• _Task_
The records below must be copied in full; omit the images.

• _Extracted records_

________________

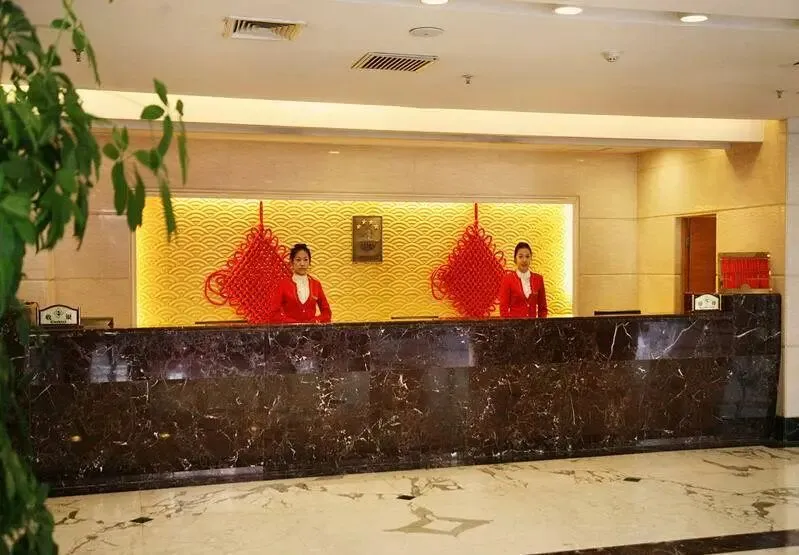 中考护航——静候金榜题名-第21张图片-四季读书网
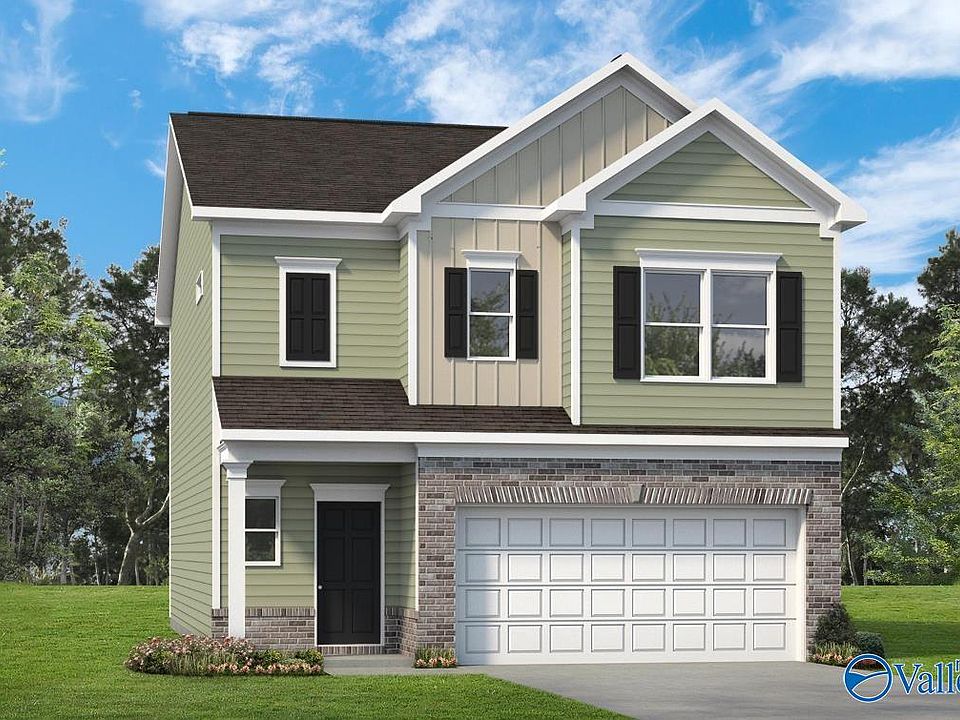 1st image of 7219 Fox Glen Cir SE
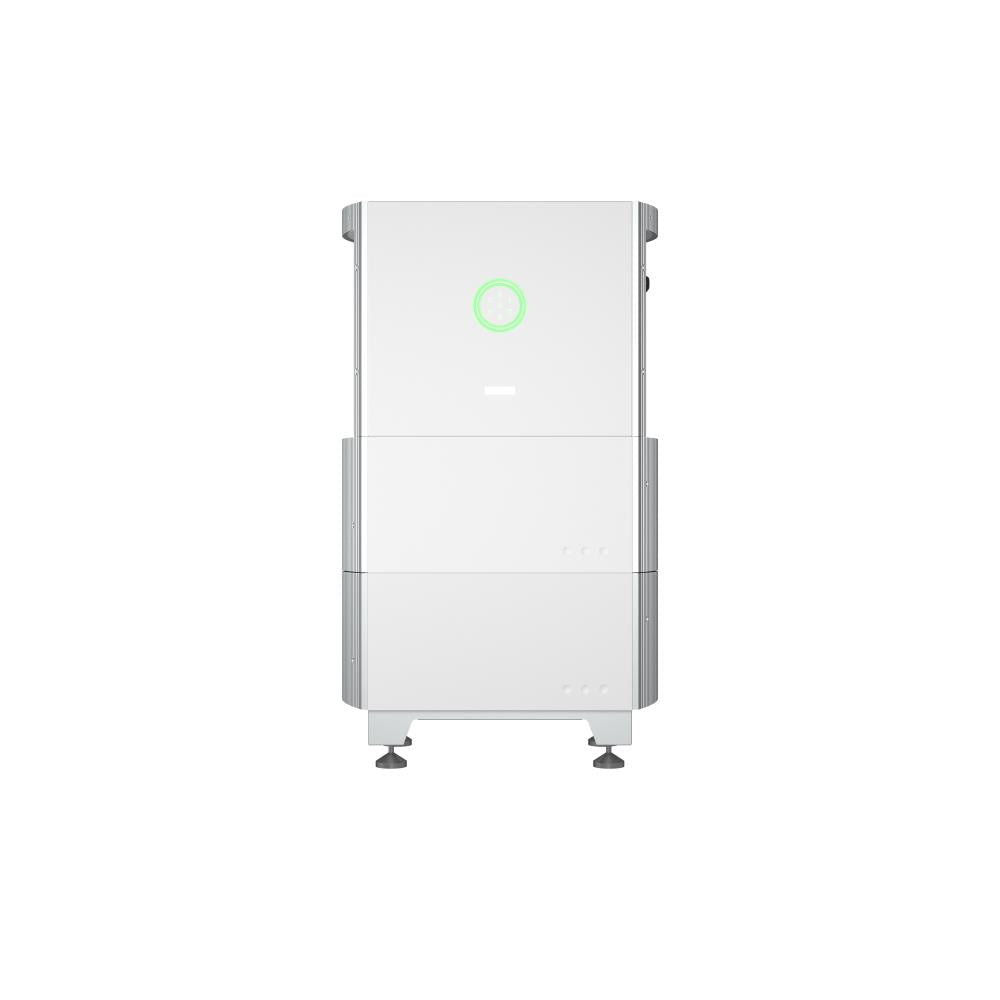 SAJ Batteriespeicher mit Wechselrichter H2-10K-T2 -10kWh All-In-One-Lösung NEU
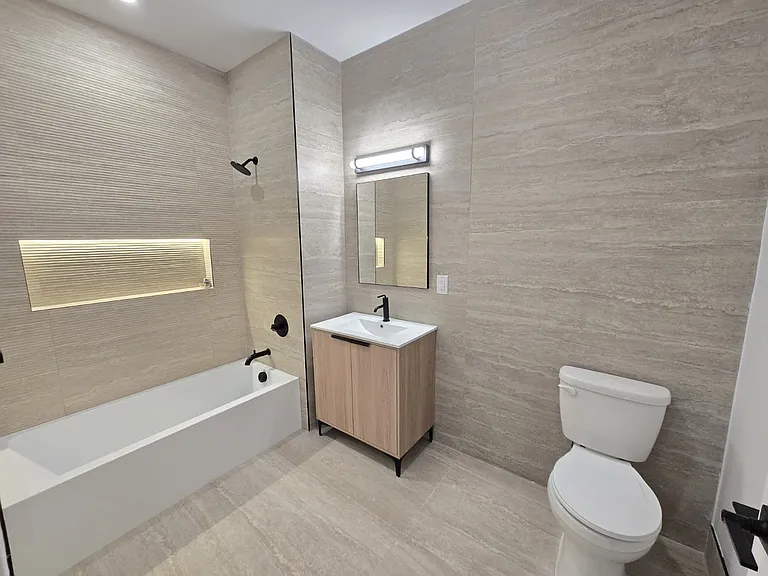 450 Scotland Rd #4J — Photo 33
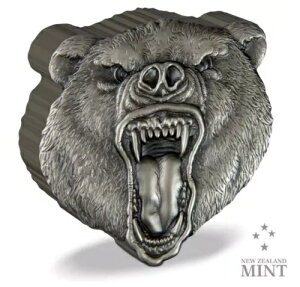 2023N jEG tBA[XlC`[ OY[xA 2IX .999 Vo[ AeB[NRC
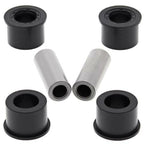 ALL BALLS Lower/Upper A-Arm Reconditioning Kit Honda - Main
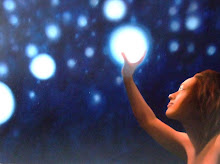 Where Your Treasure Is There Your Heart Will Be Also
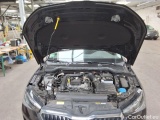  Skoda  Scala  Ambition 1.0 TSI 81KW AT7 E6d #12
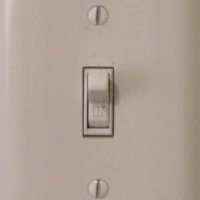 A Light Switch(@Light___Switch) 's Twitter Profile Photo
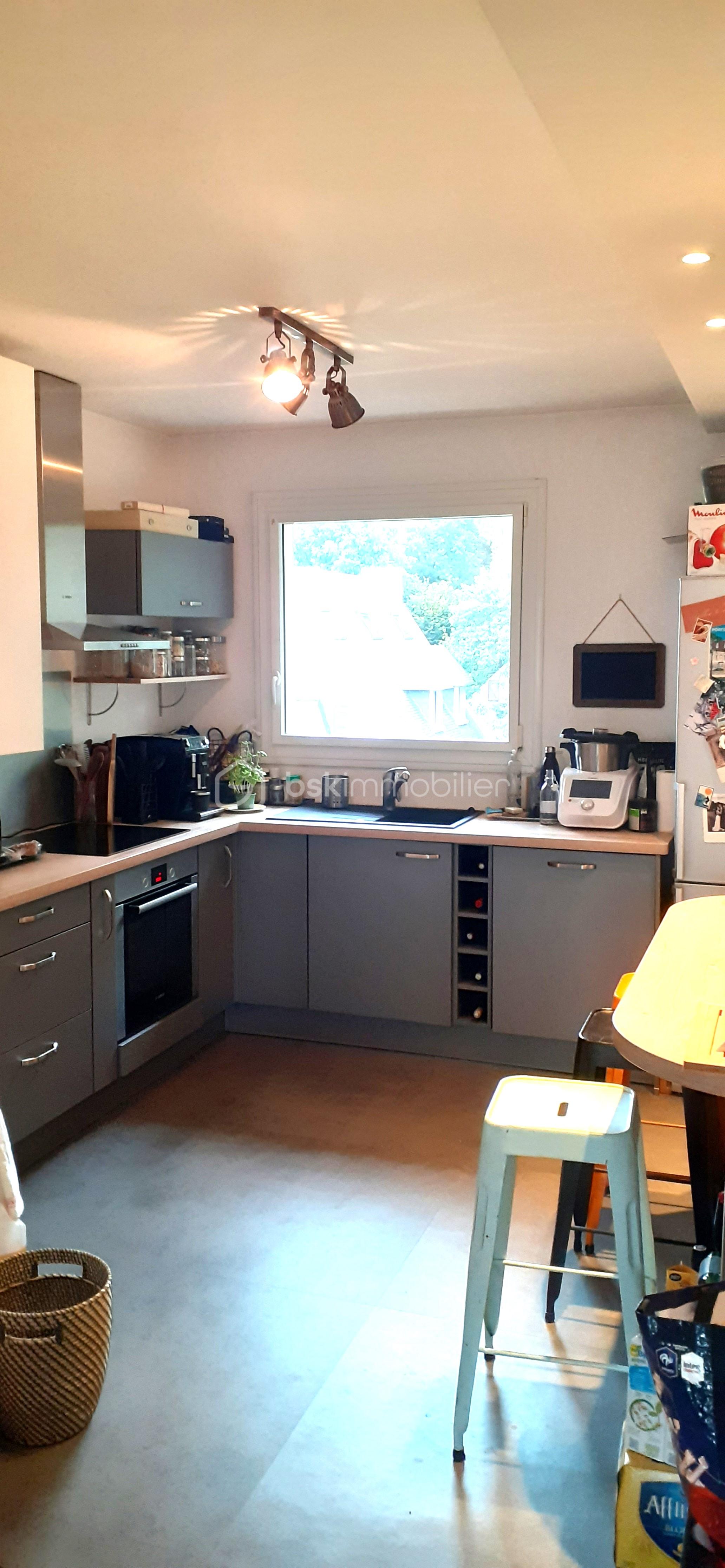 Appartement de 88 m² - cuisine 1.jpg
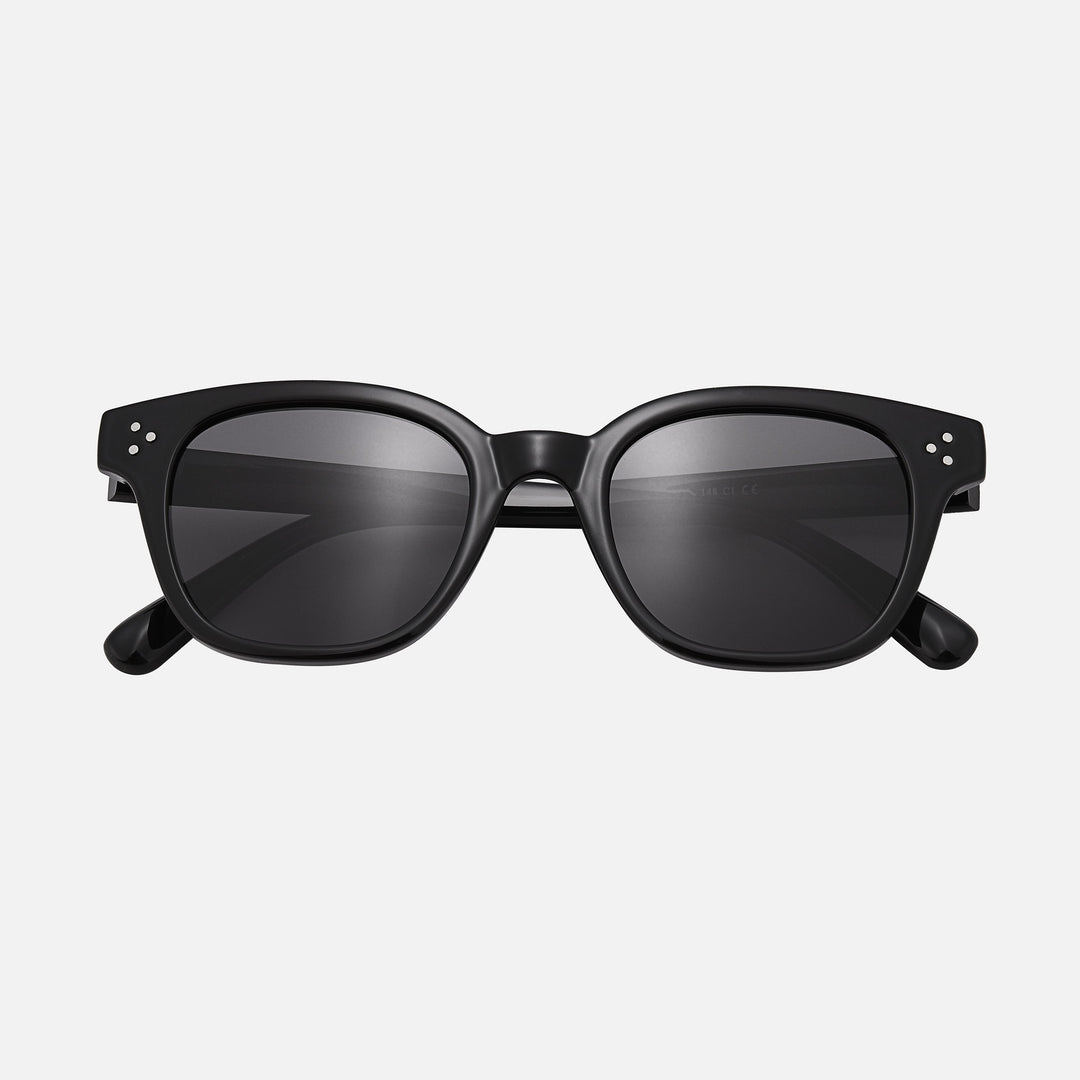 Елиза | Лефкада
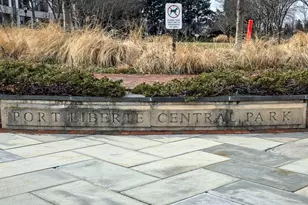 30 Freedom Way, Jersey City, NJ 07305 - Photo 4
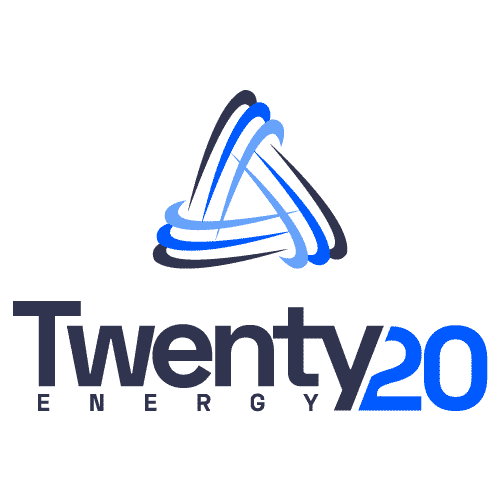 Twenty20 Energy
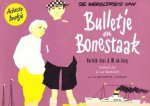Verteld door A.M. de Jong, getekend door G. van Raemdonck - De wereldreis van Bulletje en Bonestaak (8)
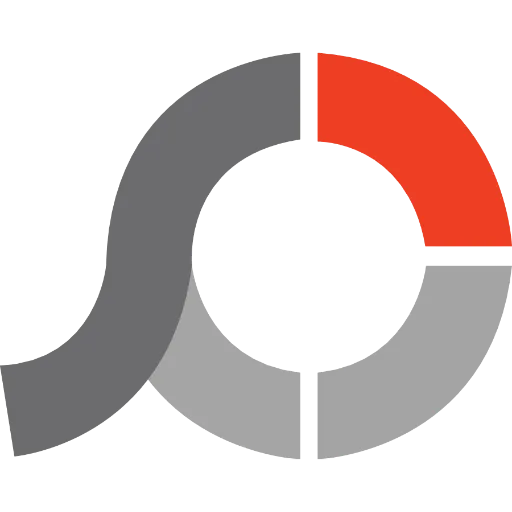 PhotoScape 4 PhotoScape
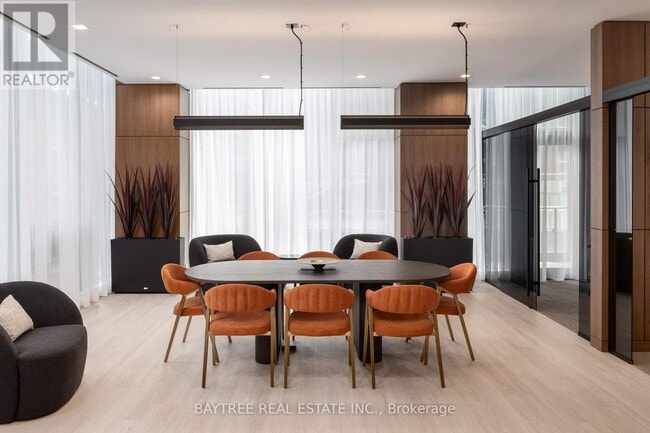 Building Photo - 55 Mercer St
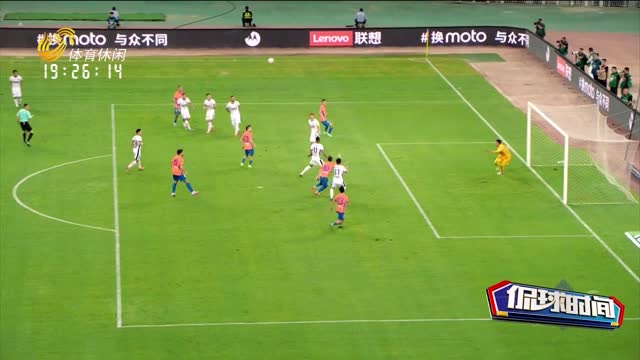 2025年09月11日《侃球时间》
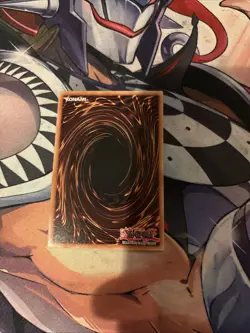 Yu-Gi-Oh! Dominus Purge, Collector Rare, 1st Ed, RA05-EN150, M/NM. - Image 2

________________

• _Exercise answer_
 中考护航——静候金榜题名-第21张图片-四季读书网
 1st image of 7219 Fox Glen Cir SE
 SAJ Batteriespeicher mit Wechselrichter H2-10K-T2 -10kWh All-In-One-Lösung NEU
 450 Scotland Rd #4J — Photo 33
 2023N jEG tBA[XlC`[ OY[xA 2IX .999 Vo[ AeB[NRC
 ALL BALLS Lower/Upper A-Arm Reconditioning Kit Honda - Main
 Where Your Treasure Is There Your Heart Will Be Also
  Skoda  Scala  Ambition 1.0 TSI 81KW AT7 E6d #12
 A Light Switch(@Light___Switch) 's Twitter Profile Photo
 Appartement de 88 m² - cuisine 1.jpg
 Елиза | Лефкада
 30 Freedom Way, Jersey City, NJ 07305 - Photo 4
 Twenty20 Energy
Verteld door A.M. de Jong, getekend door G. van Raemdonck - De wereldreis van Bulletje en Bonestaak (8)
 PhotoScape 4 PhotoScape
 Building Photo - 55 Mercer St
 2025年09月11日《侃球时间》
 Yu-Gi-Oh! Dominus Purge, Collector Rare, 1st Ed, RA05-EN150, M/NM. - Image 2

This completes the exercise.